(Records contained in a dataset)
────────────────────
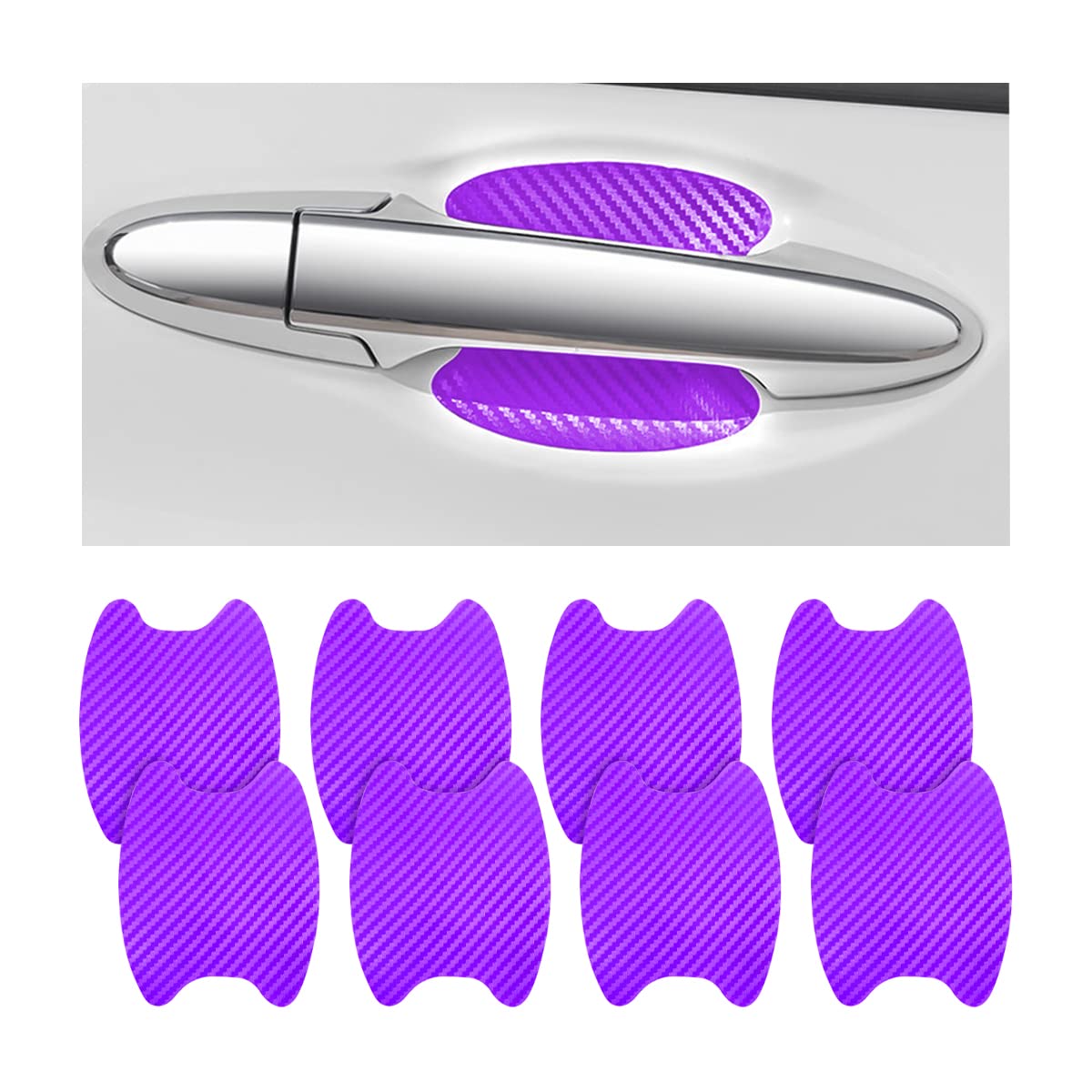 Carbon Fiber Car Door Handle Protector Stickers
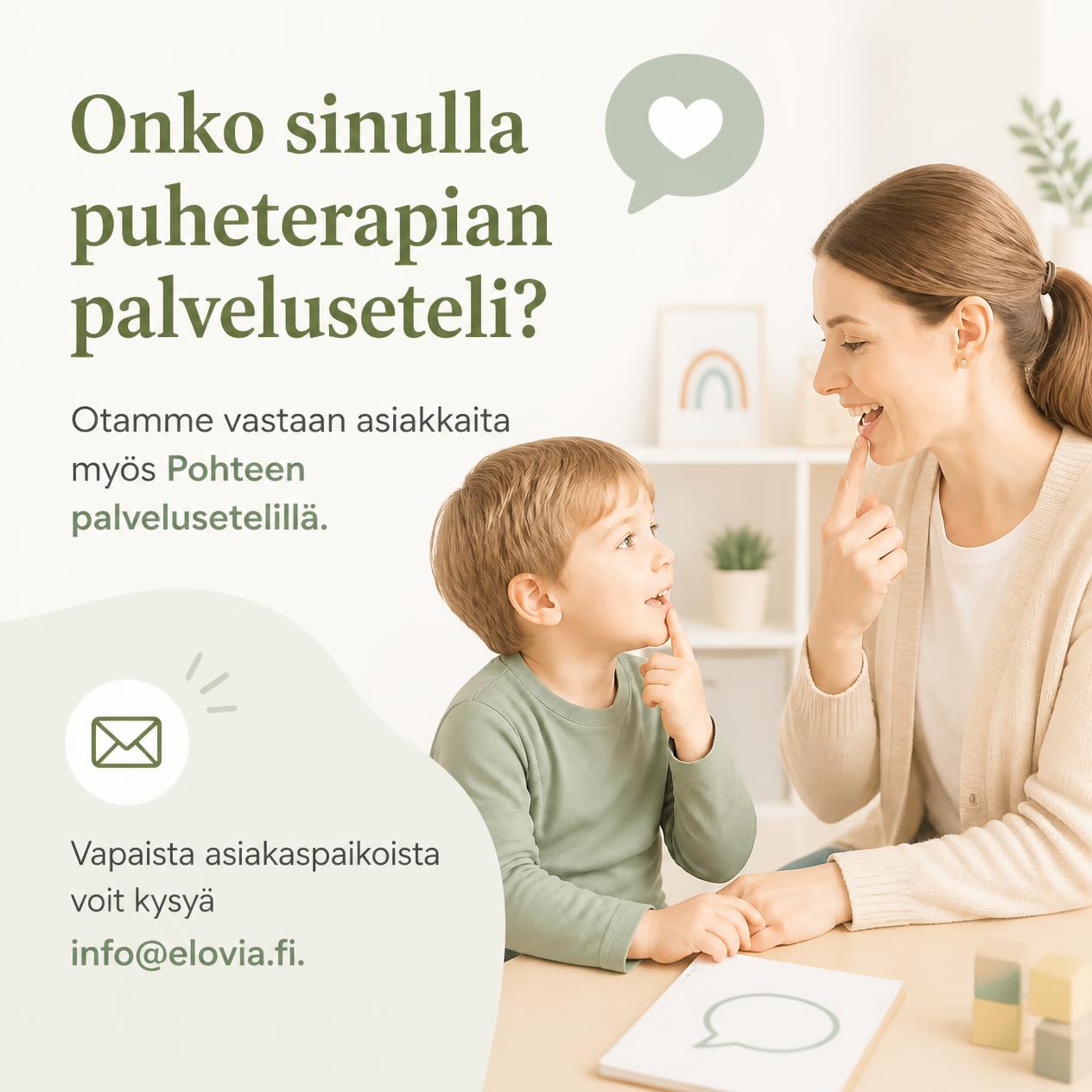 Pohteen tai muun hyvinvointialueen maksusitoumuksella voit tulla kuntoutukseen Elovialle. 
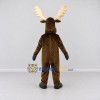 Custom Brown and Cream Moose Mascot Costume Adult Full Body Suit for Wildlife Events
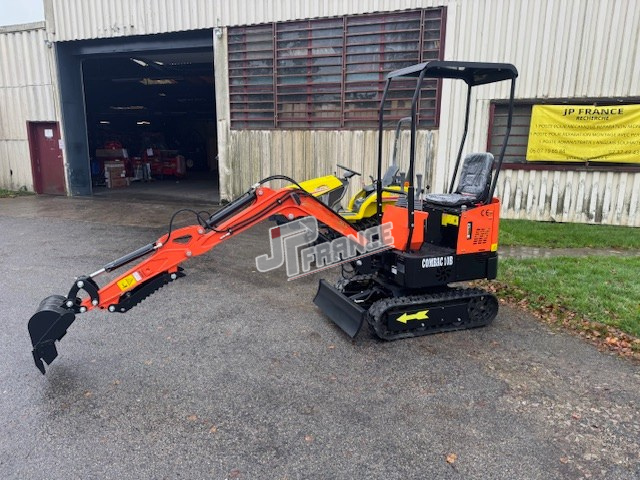 Produits JP FRANCE - MINI PELLE A CHENILLES MONO CYLINDRES HINOMOTO - MINIPELLE - Tracteurs et Microtracteurs - MINIPELLE - 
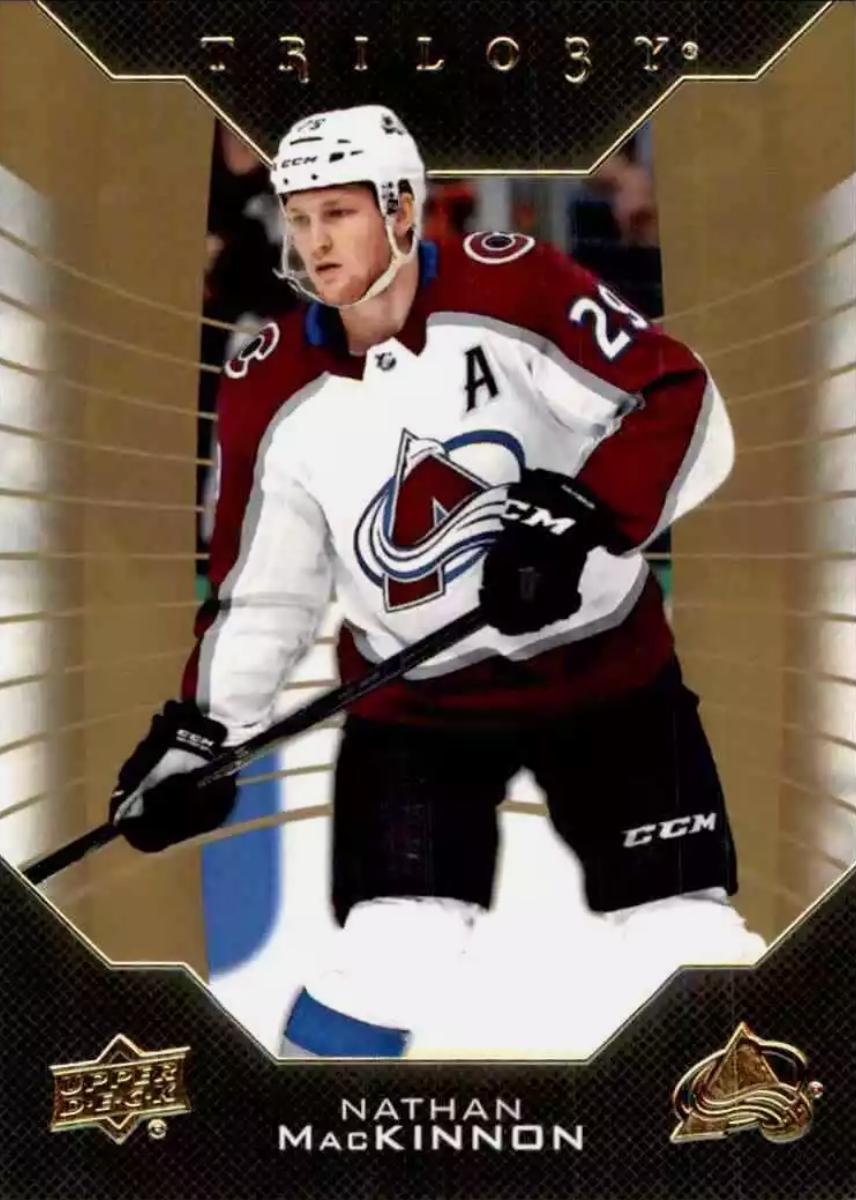 Nathan MacKinnon #6 Hockey Cards 2019 Upper Deck Trilogy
────────────────────
## Task objective
Print only the lines from the line that contains "Produits JP FRANCE" to the final line of the data, inclusive. Pictures stay out.

## Exercise response
 Produits JP FRANCE - MINI PELLE A CHENILLES MONO CYLINDRES HINOMOTO - MINIPELLE - Tracteurs et Microtracteurs - MINIPELLE - 
 Nathan MacKinnon #6 Hockey Cards 2019 Upper Deck Trilogy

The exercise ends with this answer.